Welcome back. This time we’re actually gonna see triangles being rasterized – finally! But before we can rasterize triangles, we need to do triangle setup, and before I can discuss triangle setup, I need to explain what we’re setting things up for; in other words, let’s talk hardware-friendly triangle rasterization algorithms.
How not to render a triangle
First, a little heads-up to people who’ve been at this game long enough to have written their own optimized software texture mappers: First, you’re probably used to thinking of triangle rasterizers as this amalgamated blob that does a bunch of things at once: trace the triangle shape, interpolate u and v coordinates (or, for perspective correct mapping, u/z, v/z and 1/z), do the Z-buffer test (and for perspective correct mapping, you probably used a 1/z buffer instead), and then do the actual texturing (plus shading), all in one big loop that’s meticulously scheduled and probably uses all available registers.
You know the kind of thing I’m talking about, right? Yeah, forget about that here. This is hardware. In hardware, you package things up into nice tidy little modules that are easy to design and test in isolation. In hardware, the “triangle rasterizer” is a block that tells you what (sub-)pixels a triangle covers; in some cases, it’ll also give you barycentric coordinates of those pixels inside the triangle. But that’s it. No u’s or v’s – not even 1/z’s. And certainly no texturing and shading, through with the dedicated texture and shader units that should hardly come as a surprise.
Second, if you’ve written your own triangle mappers “back in the day”, you probably used an incremental scanline rasterizer of the kind described in Chris Hecker’s series on Perspective Texture Mapping. That happens to be a great way to do it in sofware on processors without SIMD units, but it doesn’t map well to modern processors with fast SIMD units, and even worse to hardware – not that it’s stopped people from trying.
In particular, there’s a certain dated game console standing in the corner trying very hard to look nonchalant right now. The one with that triangle rasterizer that had really fast guard-band clipping on the bottom and right edges of the screen, and not so fast guard-band clipping for the top and left edges (that, my friends, is what we call a “tell”). Just saying.
So, what’s bad about that algorithm for hardware? First, it really rasterizes triangles scan-line by scan-line.
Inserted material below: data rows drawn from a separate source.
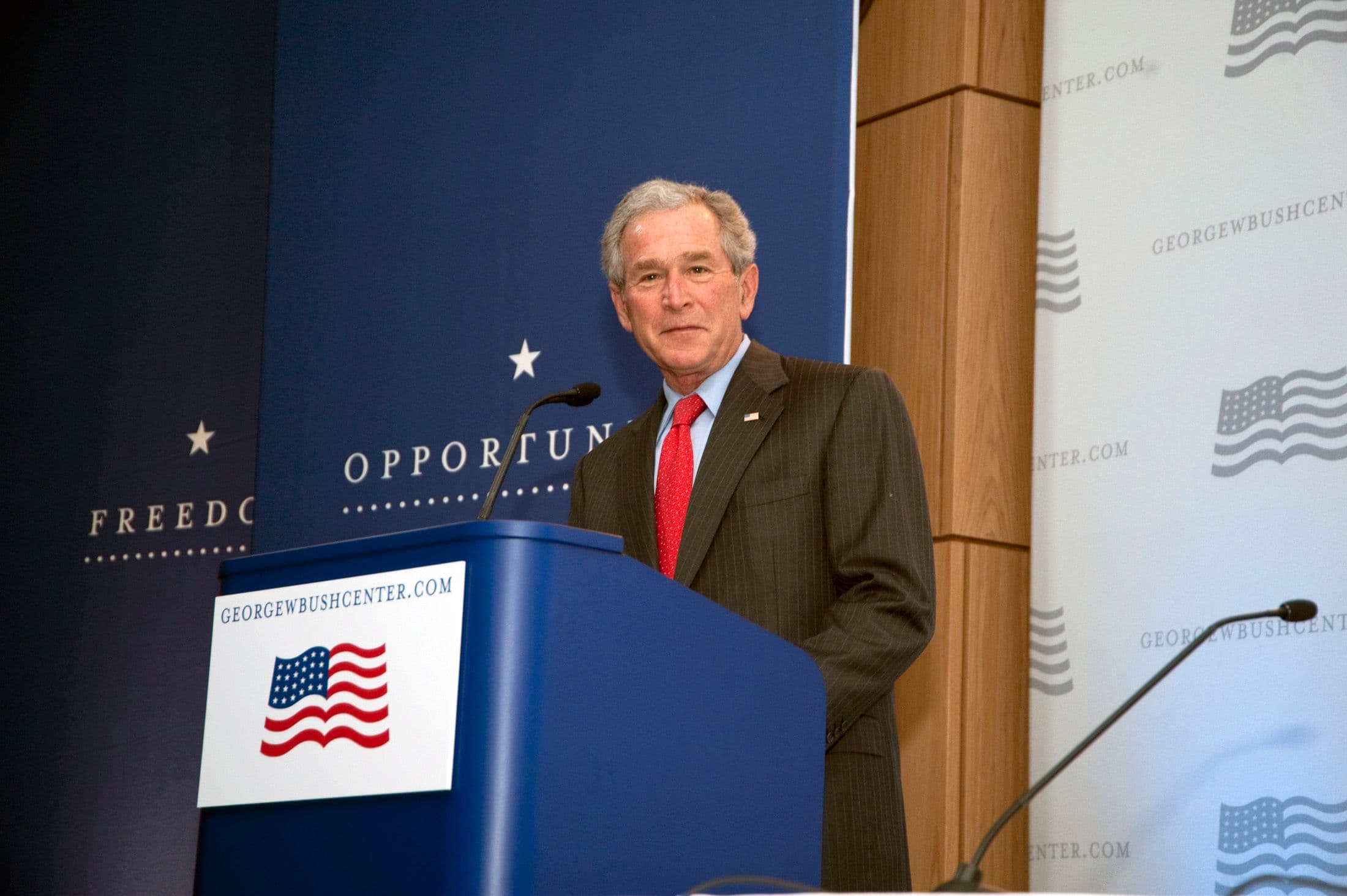 President George W. Bush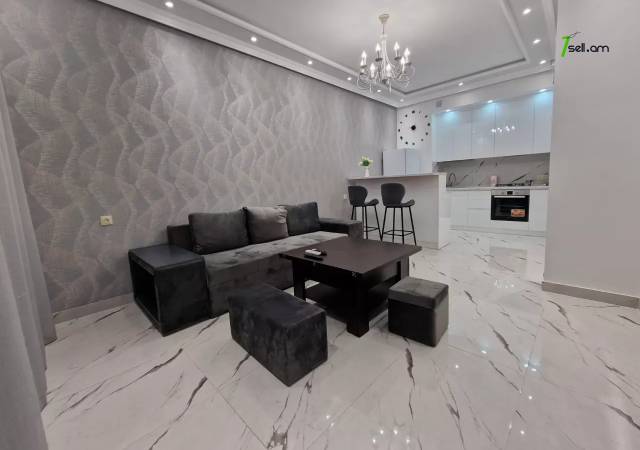 2 սենյականոց բնակարան նորակառույց շենքում Հովսեփ Արղության փողոցում, 59 ք.մ., բարձր առաստաղներ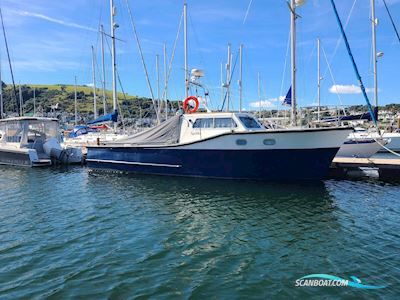 Coaster Coastworker Motorboten 1976, met Mercedes OM 314 motor, United Kingdom
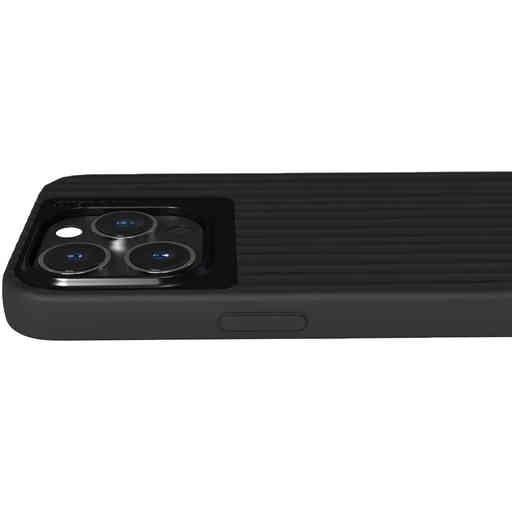 Nudient Bold MagSafe Case Apple iPhone 16 Pro Charcoal Black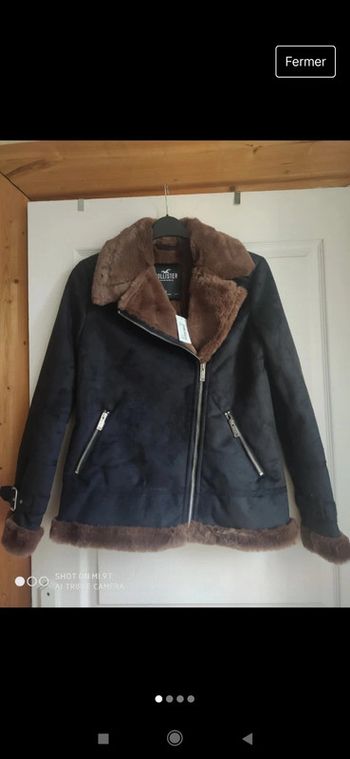 Veste chaude#hiver#hollister#cadeau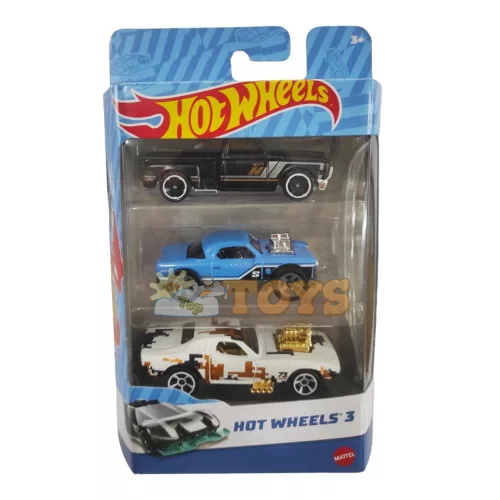 Hot Wheels autókészlet 3 különböző modell K5904-D867 V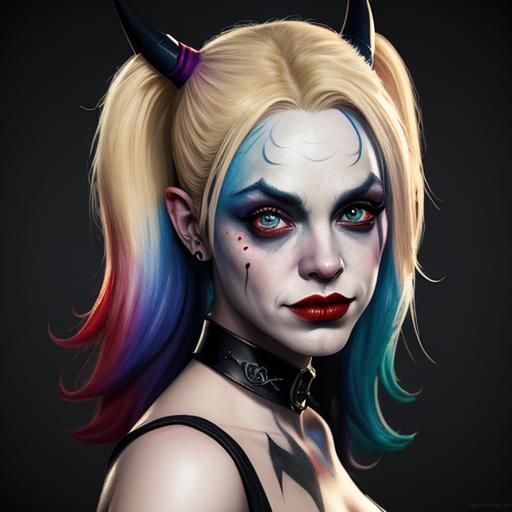 Harley Quinn - AI Generated Artwork - NightCafe Creator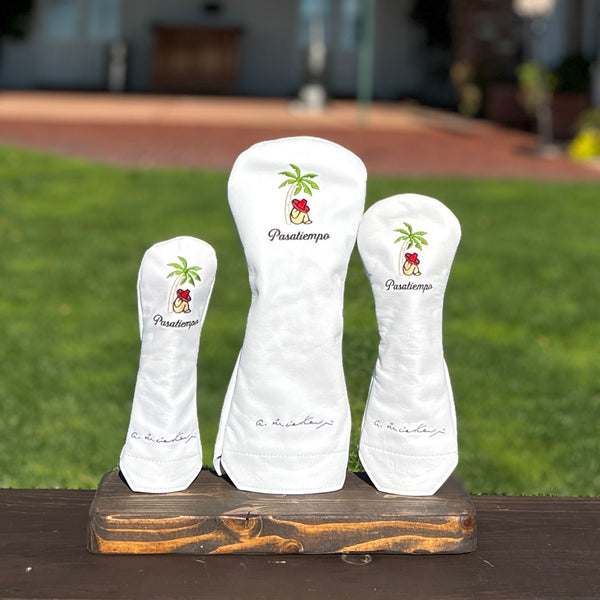 Winston Headcover (Traditional Leather)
For reasons that will become obvious once I get to Pixel Shading, we want our rasterizer to output in groups of 2×2 pixels (so-called “quads” – not to be confused with the “quad” primitive that’s been decomposed into a pair of triangles at this stage in the pipeline). This is all kinds of awkward with the scan-line algorithm because not only do we now need to run two “instances” of it in parallel, they also each start at the first pixel covered by the triangle in their respective scan lines, which may be pretty far apart and doesn’t nicely lead to generating the 2×2 quads we’d like to get.
It’s also hard to parallelize efficiently, not symmetrical in the x and y directions – which means a triangle that’s 8 pixels wide and 100 pixels stresses very different parts of the rasterizer than a triangle that’s 100 pixels wide and 8 pixels high. Really annoying because now you have to make the “x” and “y” stepping “loops” equally fast in order to avoid bottlenecks – but we do all our work on the “y” steps, the loop in “x” is trivial! As said, it’s a mess.
A better way
A much simpler (and more hardware-friendly) way to rasterize triangles was presented in a 1988 paper by Pineda. The general approach can be summarized in 2 sentences: the signed distance to a line can be computed with a 2D dot product (plus an add) – just as a signed distance to a plane can be compute with a 3D dot product (plus add). And the interior of a triangle can be defined as the set of all points that are on the correct side of all three edges. So… just loop over all candidate pixels and test whether they’re actually inside the triangle. That’s it. That’s the basic algorithm.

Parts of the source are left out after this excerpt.